毎週テーマを決めて、みんなでnoteを発信するキャリコンサロン編集部マガジン、今回のお題は #ボランティア 
最後までお楽しみいただけたら幸いです。

ボランティアの立ち位置

そもそも、ボランティアの定義はなんだろう?

個人的なイメージとしては、「無償の労働」かなぁ
なんとなく後ろ向きだけど。

検索すると、厚生労働省の「ボランティア活動」についてのページがヒットした。

ボランティア活動は個人の自発的な意思に基づく自主的な活動であり、活動者個人の自己実現への欲求や社会参加意欲が充足されるだけでなく、社会においてはその活動の広がりによって、社会貢献、福祉活動等への関心が高まり、様々な構成員がともに支え合い、交流する地域社会づくりが進むなど、大きな意義を持っています。                   厚生労働省ホームページより

つまりボランティアとは、その活動が社会にとって(他人にとって?)有益であるという条件下において、個人が活動の見返りとして、金銭ではなく、自己実現欲求や承認欲求の充足を得られる、ということか。

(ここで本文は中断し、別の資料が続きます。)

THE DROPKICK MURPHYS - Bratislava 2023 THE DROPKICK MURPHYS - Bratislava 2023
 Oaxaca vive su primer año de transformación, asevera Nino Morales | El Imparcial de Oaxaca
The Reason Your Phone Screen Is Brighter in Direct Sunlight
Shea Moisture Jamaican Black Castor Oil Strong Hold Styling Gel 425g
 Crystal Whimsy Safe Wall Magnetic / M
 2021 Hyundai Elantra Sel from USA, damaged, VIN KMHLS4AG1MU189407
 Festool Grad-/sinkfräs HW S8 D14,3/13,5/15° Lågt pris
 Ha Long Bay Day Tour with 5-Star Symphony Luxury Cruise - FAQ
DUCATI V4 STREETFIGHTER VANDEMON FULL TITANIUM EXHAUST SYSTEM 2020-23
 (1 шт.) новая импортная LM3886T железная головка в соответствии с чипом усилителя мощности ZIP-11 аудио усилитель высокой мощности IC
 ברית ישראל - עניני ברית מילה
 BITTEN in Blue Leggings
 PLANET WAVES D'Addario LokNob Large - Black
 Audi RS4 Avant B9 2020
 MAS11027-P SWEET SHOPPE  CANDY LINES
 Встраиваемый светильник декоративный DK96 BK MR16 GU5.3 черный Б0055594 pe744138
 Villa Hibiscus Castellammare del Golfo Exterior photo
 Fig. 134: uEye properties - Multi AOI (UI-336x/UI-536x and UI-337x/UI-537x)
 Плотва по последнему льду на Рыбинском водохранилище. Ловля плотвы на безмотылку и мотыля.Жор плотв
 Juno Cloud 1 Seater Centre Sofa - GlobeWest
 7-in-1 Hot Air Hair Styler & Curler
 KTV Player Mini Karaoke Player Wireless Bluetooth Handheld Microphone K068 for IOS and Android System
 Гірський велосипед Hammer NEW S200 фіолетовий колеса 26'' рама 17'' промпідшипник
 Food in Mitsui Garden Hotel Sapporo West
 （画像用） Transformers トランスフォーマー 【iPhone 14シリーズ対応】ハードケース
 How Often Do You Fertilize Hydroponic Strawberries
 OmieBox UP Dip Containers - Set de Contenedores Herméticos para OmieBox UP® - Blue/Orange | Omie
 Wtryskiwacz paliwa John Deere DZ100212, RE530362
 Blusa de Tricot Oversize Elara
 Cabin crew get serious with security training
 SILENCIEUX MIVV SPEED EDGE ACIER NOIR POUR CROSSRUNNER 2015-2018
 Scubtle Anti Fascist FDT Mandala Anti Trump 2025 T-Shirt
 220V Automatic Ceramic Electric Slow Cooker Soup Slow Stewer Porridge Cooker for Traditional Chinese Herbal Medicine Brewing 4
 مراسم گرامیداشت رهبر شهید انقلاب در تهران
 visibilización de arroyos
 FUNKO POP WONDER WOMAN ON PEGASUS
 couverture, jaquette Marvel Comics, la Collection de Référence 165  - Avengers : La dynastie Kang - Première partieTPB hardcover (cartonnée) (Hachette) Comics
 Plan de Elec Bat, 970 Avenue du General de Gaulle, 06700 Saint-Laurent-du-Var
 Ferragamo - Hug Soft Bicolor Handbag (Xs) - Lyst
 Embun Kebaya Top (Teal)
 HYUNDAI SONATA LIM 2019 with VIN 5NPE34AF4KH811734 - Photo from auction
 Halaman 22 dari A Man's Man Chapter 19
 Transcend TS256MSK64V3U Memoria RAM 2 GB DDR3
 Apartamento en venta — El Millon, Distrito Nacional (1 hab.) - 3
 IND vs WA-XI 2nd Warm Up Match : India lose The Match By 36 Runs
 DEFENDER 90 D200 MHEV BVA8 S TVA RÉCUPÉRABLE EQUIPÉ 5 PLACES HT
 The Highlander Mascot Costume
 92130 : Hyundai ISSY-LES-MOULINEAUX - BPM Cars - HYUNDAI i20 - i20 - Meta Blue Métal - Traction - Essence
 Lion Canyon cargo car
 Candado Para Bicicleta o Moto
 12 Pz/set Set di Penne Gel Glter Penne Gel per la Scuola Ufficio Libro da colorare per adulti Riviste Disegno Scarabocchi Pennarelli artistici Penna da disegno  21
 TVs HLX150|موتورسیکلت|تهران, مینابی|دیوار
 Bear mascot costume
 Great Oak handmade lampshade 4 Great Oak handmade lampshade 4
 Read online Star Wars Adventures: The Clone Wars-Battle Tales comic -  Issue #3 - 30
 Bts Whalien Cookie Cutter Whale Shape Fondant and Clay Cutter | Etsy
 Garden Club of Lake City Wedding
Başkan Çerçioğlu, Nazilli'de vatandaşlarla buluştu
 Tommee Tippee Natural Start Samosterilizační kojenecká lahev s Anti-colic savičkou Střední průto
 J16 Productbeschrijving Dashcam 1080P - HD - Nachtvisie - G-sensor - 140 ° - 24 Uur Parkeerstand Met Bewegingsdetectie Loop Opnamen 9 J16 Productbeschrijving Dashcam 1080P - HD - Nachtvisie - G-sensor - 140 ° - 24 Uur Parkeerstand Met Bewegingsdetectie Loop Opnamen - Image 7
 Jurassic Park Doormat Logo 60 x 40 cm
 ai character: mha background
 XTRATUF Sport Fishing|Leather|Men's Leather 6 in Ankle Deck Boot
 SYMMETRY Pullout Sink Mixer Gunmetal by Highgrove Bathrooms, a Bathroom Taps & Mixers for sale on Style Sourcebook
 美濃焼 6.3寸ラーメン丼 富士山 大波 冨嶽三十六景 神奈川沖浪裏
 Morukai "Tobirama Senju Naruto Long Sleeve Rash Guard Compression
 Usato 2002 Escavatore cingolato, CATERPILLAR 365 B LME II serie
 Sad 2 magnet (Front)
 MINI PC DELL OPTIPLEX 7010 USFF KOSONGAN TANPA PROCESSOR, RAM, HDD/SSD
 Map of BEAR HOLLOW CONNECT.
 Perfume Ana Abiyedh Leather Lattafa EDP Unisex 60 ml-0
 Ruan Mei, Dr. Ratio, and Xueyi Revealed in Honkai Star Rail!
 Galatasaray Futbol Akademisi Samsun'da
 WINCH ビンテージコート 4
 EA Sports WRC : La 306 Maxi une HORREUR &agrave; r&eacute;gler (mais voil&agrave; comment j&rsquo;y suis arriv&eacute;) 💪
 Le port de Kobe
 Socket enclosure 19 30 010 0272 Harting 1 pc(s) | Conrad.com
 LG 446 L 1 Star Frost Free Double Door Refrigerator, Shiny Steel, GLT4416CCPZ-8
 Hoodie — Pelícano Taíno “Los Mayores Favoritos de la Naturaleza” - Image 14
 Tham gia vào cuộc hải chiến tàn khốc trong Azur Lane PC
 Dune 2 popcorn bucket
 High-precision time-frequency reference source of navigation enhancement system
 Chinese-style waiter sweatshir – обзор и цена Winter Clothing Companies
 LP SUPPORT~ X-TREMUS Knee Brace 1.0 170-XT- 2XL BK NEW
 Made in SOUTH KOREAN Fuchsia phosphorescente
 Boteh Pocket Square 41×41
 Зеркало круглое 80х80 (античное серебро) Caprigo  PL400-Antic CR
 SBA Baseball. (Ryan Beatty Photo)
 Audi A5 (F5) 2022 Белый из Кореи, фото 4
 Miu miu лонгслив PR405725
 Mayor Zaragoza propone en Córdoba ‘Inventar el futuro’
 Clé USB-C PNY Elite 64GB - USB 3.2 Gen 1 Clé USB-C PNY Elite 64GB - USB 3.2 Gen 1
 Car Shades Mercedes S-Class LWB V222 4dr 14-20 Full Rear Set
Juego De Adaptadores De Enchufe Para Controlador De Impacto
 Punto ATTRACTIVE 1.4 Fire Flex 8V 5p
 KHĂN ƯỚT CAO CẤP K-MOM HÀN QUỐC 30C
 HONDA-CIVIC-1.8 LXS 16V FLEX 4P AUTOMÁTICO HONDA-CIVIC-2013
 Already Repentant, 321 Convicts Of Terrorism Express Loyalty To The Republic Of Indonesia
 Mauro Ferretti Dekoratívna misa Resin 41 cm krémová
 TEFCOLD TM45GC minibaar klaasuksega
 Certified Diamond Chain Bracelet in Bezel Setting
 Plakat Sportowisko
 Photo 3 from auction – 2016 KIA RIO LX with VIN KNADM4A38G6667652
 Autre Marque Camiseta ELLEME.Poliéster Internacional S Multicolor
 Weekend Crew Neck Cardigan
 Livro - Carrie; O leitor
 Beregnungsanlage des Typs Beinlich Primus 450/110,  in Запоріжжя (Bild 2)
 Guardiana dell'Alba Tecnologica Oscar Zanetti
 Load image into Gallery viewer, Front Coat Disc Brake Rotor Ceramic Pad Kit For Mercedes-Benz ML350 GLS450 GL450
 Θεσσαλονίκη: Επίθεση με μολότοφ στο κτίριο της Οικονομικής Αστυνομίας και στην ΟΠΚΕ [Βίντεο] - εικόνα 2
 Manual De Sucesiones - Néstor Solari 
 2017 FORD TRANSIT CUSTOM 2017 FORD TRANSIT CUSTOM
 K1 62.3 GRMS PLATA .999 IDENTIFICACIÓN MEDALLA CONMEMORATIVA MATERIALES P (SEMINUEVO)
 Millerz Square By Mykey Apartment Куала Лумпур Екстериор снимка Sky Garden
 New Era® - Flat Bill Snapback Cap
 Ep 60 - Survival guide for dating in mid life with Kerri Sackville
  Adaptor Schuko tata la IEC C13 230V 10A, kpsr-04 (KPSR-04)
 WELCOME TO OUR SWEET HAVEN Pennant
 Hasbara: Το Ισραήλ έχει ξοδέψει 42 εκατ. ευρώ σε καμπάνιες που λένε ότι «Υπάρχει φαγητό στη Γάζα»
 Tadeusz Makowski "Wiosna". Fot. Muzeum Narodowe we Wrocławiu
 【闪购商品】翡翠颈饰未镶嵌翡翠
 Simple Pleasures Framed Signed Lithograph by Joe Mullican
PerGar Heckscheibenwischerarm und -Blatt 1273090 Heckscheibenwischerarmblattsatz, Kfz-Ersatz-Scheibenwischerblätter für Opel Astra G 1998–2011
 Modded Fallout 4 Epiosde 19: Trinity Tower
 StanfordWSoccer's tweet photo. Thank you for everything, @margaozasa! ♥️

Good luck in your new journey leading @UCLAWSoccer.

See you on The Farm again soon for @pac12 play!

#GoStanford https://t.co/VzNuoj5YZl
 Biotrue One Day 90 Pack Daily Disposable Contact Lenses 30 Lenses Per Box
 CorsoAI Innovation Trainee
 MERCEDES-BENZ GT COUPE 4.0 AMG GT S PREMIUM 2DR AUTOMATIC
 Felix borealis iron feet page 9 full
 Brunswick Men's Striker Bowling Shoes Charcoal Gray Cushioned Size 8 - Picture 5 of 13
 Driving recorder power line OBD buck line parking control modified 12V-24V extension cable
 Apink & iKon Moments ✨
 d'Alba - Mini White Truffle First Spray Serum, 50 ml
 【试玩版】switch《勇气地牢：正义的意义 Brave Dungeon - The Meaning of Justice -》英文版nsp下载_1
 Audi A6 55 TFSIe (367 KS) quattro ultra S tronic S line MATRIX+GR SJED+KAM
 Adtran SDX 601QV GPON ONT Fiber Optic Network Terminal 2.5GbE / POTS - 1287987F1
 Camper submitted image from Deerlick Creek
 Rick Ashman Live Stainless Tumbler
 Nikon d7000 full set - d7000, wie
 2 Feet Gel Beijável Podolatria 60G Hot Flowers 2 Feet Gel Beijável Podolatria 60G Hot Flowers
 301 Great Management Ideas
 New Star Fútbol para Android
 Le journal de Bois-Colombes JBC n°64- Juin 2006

「自己実現欲求」「承認欲求」と言えば、マズローの自己実現理論、欲求5段階説を思い出す。

マズローの自己実現理論を考える

ワークモチベーションを語る中で、いちばん有名な理論は、これだろう。
アメリカの心理学者アブラハム・ハロルド・マズローは「人間は自己実現に向かって絶えず成長する生きものである」と仮定し、人間の欲求を5段階のピラミッドになぞらえ、低次の欲求が満たされることで、上位の欲求が高まっていくという心理的行動を「欲求の5段階説」として唱えた。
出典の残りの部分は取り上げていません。